2009 stürzte ein Airbus "A330" der Air France ab, 228 Menschen kamen ums Leben. Ein Pariser Gericht entschied nun: Die Fehler der beiden Unternehmen reichen nicht aus für eine Verurteilung.

Von Jens Flottau, Frankfurt

Zunächst war der Flug Air France 447 am 1. Juni 2009 die reine Routine. Ungewöhnlich vielleicht nur, dass die Strecke Rio de Janeiro-Paris die Reichweite des Airbus A330-200 bei voller Auslastung arg strapazierte. Aber Kapitän Marc Dubois hatte vorgesorgt und den Jet volltanken lassen. Dann der Start gegen 19.30 Uhr Ortszeit und der Flug in die lange Nacht Richtung Norden über den Südatlantik. Kurz nach 22.30 Uhr überflog die Maschine die brasilianische Ferieninsel Fernando de Noronha auf dem Weg in Richtung der westafrikanischen Küste.

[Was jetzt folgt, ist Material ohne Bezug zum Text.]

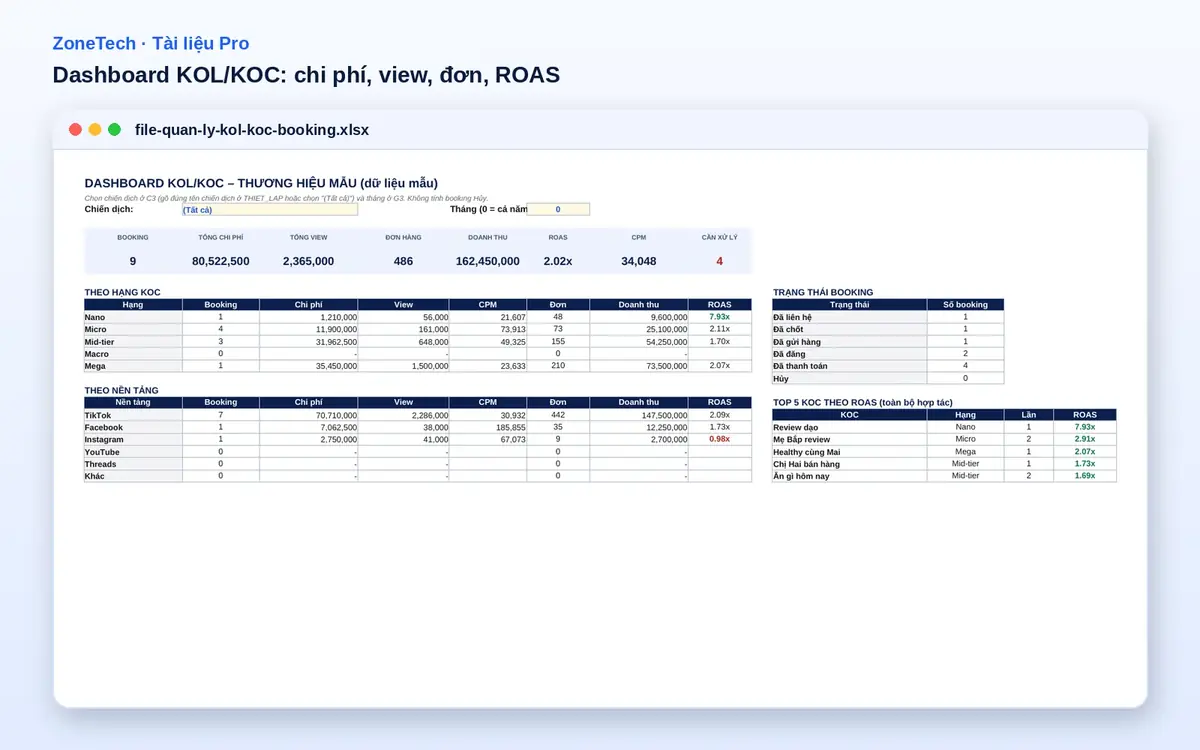 Dashboard KOL, KOC với chi phí, lượt xem, đơn hàng và ROAS theo hạng và nền tảng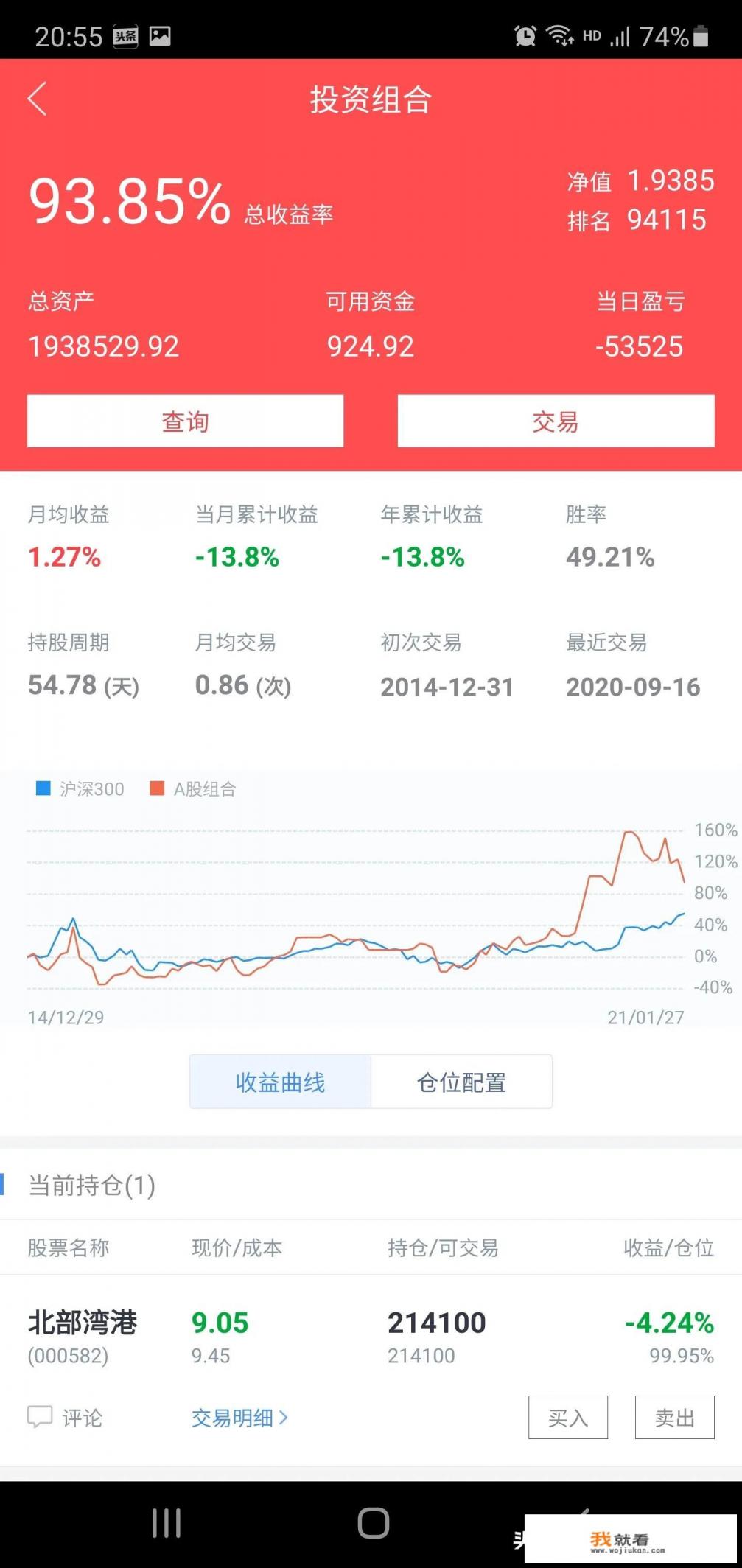 有没有模拟炒股的软件，涨跌和大盘一样但是不用钱？
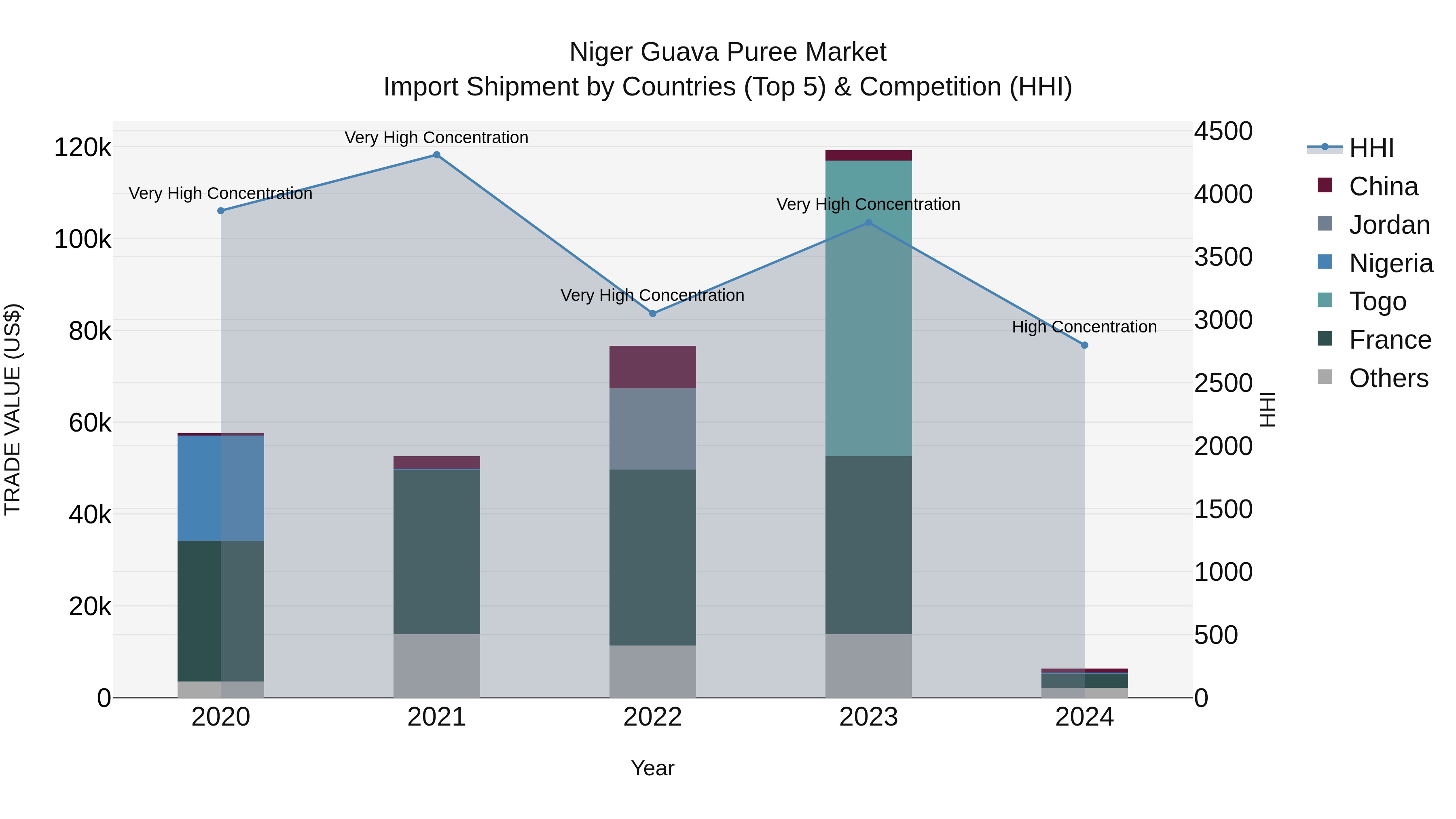 Niger Guava Puree Market: Top 5 Importing Countries and Market Competition (HHI) Analysis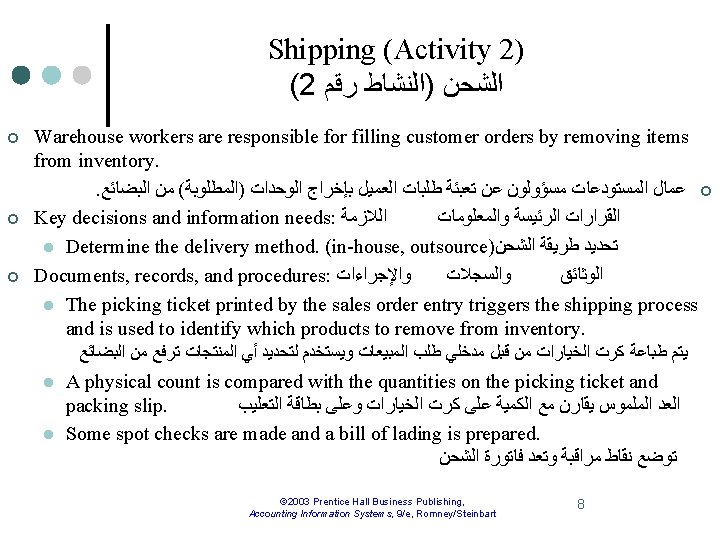 Shipping (Activity 2) (2 ﺍﻟﺸﺤﻦ )ﺍﻟﻨﺸﺎﻁ ﺭﻗﻢ ¢ ¢ ¢ Warehouse workers are responsible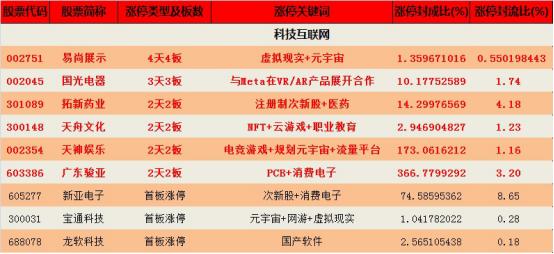 钱龙最新股市消息,钱龙板块分析最新行情哪里看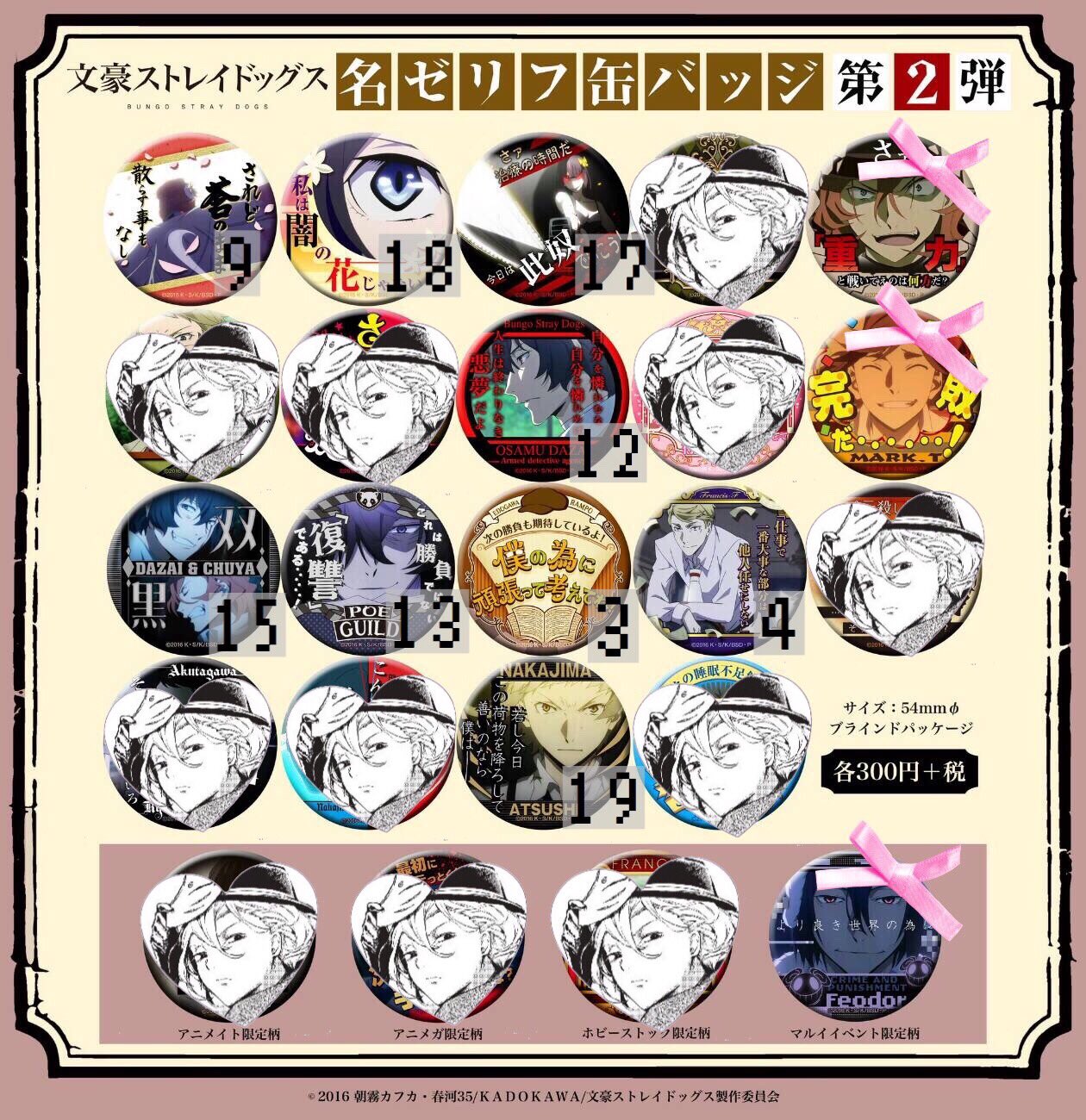 二度目はなくってよ 中原中也 缶バッジ 文豪ストレイドッグス 文スト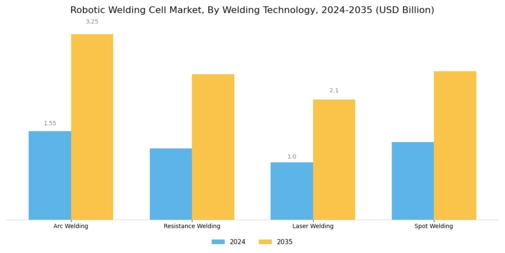 Robotic Welding Cell Market Segment Image 2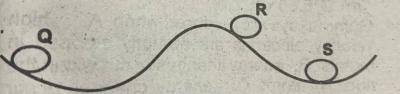 Diagram for this question
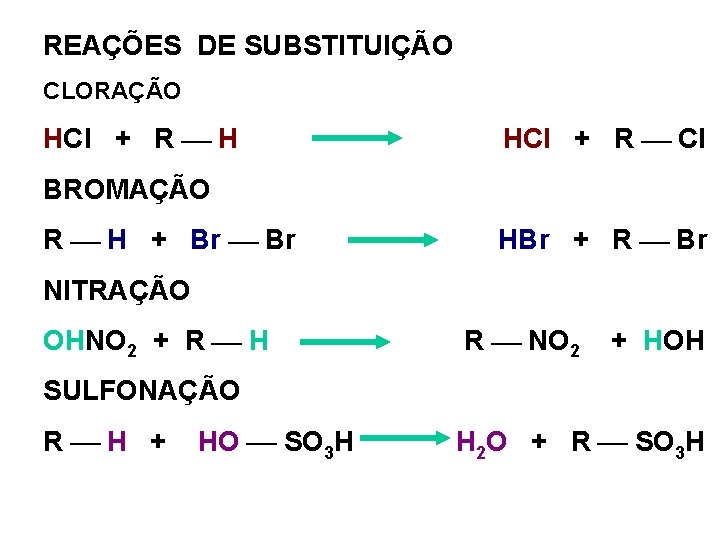 REAÇÕES DE SUBSTITUIÇÃO CLORAÇÃO HCl + R ¾ H HCl + R ¾ Cl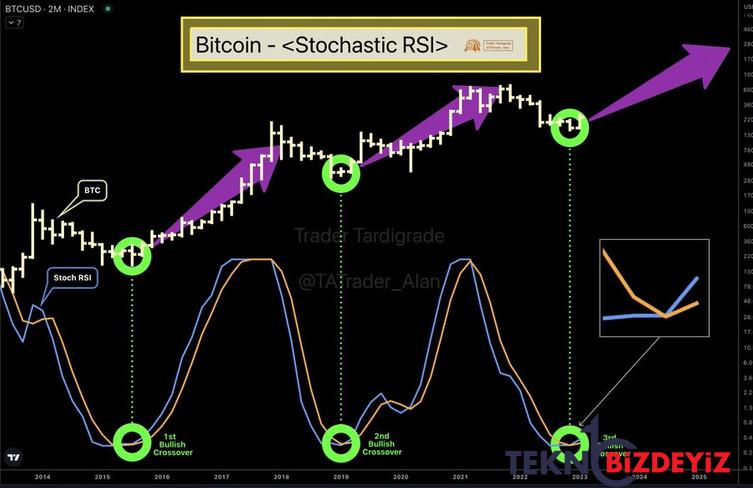 bitcoin analizlere gore asiri yukselis sinyali sergiliyor 0 CGNEqfi2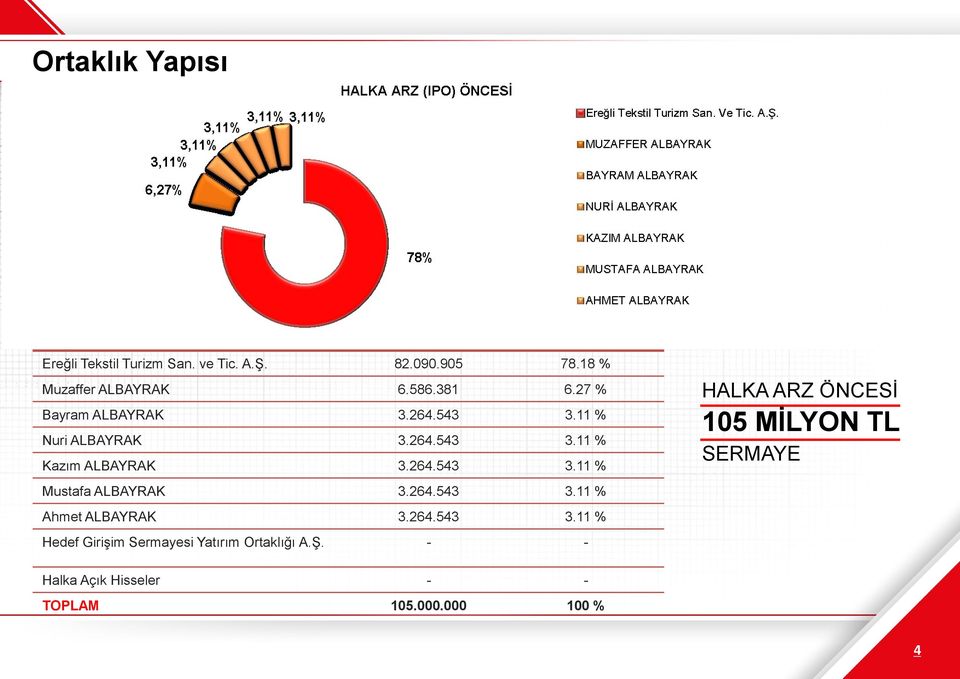 264.543 3.11 % Mustafa ALBAYRAK 3.264.543 3.11 % Ahmet ALBAYRAK 3.264.543 3.11 % Hedef Girişim Sermayesi Yatırım Ortaklığı A.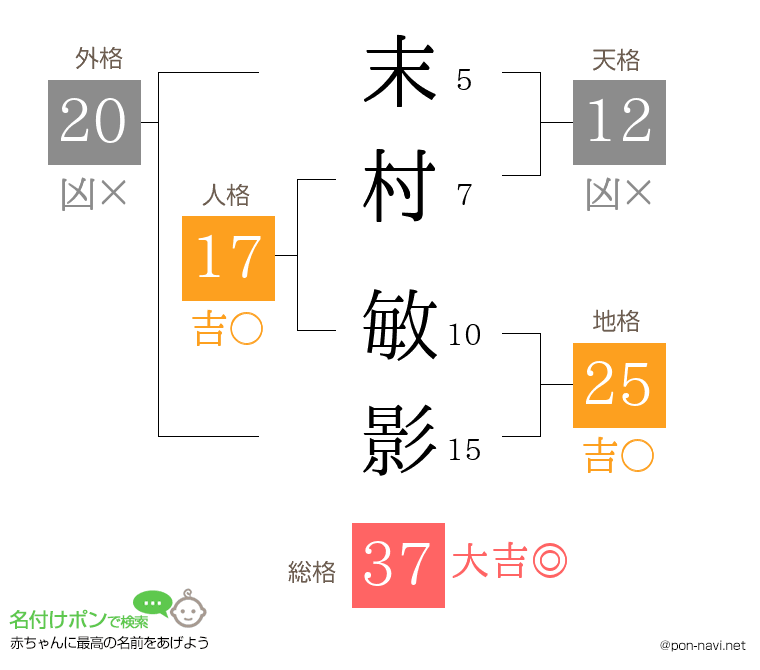 末村 敏影さんの姓名判断結果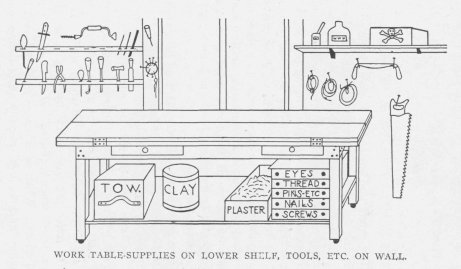 WORK TABLE-SUPPLIES ON LOWER SHELF, TOOLS, ETC. ON WALL.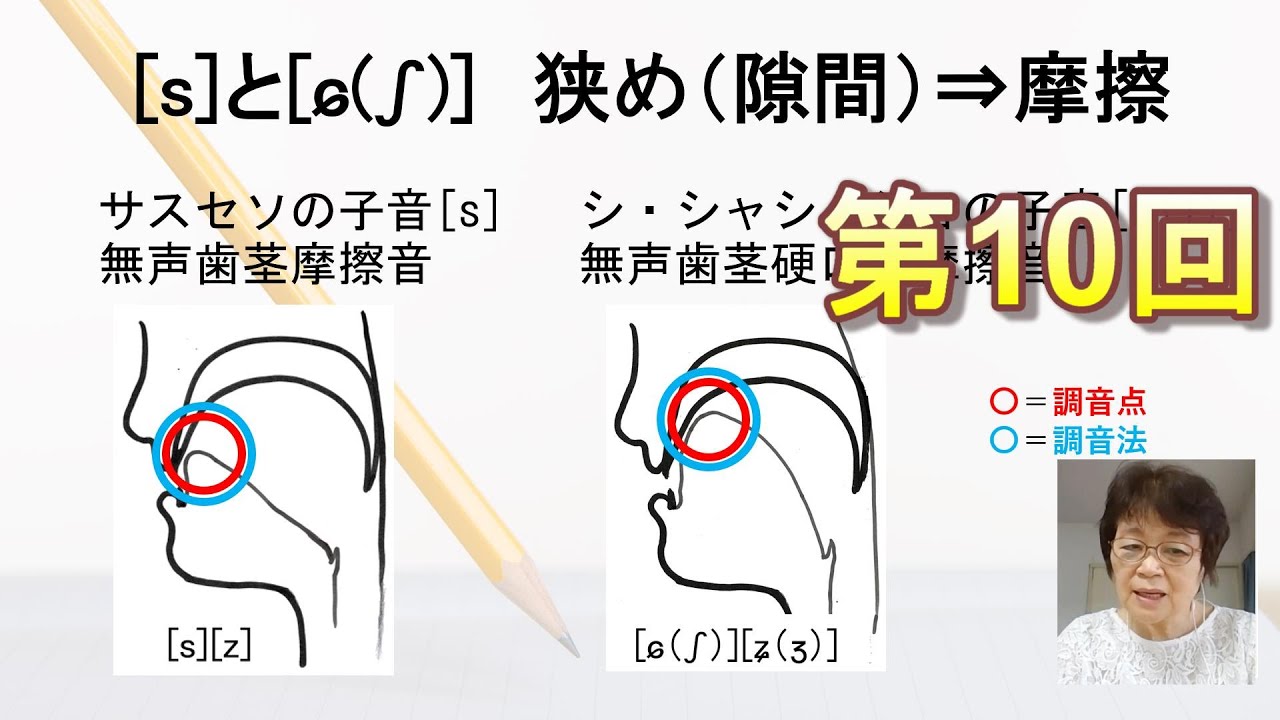 第10回 日本語教育能力検定試験対策講座「摩擦音」 YouTube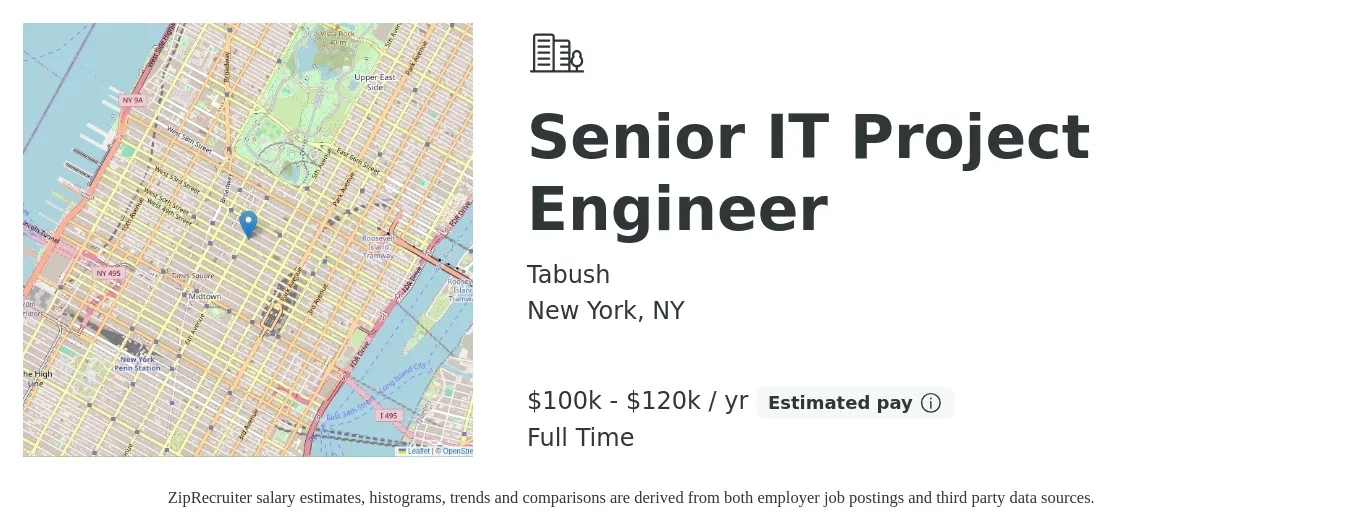 Tabush job posting for a Senior IT Project Engineer in New York, NY with a salary of $100,000 to $120,000 Yearly with a map of New York location.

Etwa 40 Minuten später war nichts mehr zu spüren von Routine, es herrschten Chaos und Kontrollverluste, der am Ende zum Absturz des Langstreckenjets führte. 228 Menschen kamen vor knapp 14 Jahren ums Leben, 28 der Passagiere stammten aus Deutschland. Angehörige der Opfer argumentierten seither, Airbus und Air France trügen Schuld an dem Absturz, weil der Hersteller die Folgen eines Instrumentenausfalls unterschätzt und die Fluggesellschaft die Piloten für ein solches Szenario nicht ausreichend geschult habe. In dem Verfahren um den Verdacht der fahrlässigen Tötung hat nun ein Pariser Gericht das Urteil verkündet und die beiden Unternehmen von den Vorwürfen freigesprochen.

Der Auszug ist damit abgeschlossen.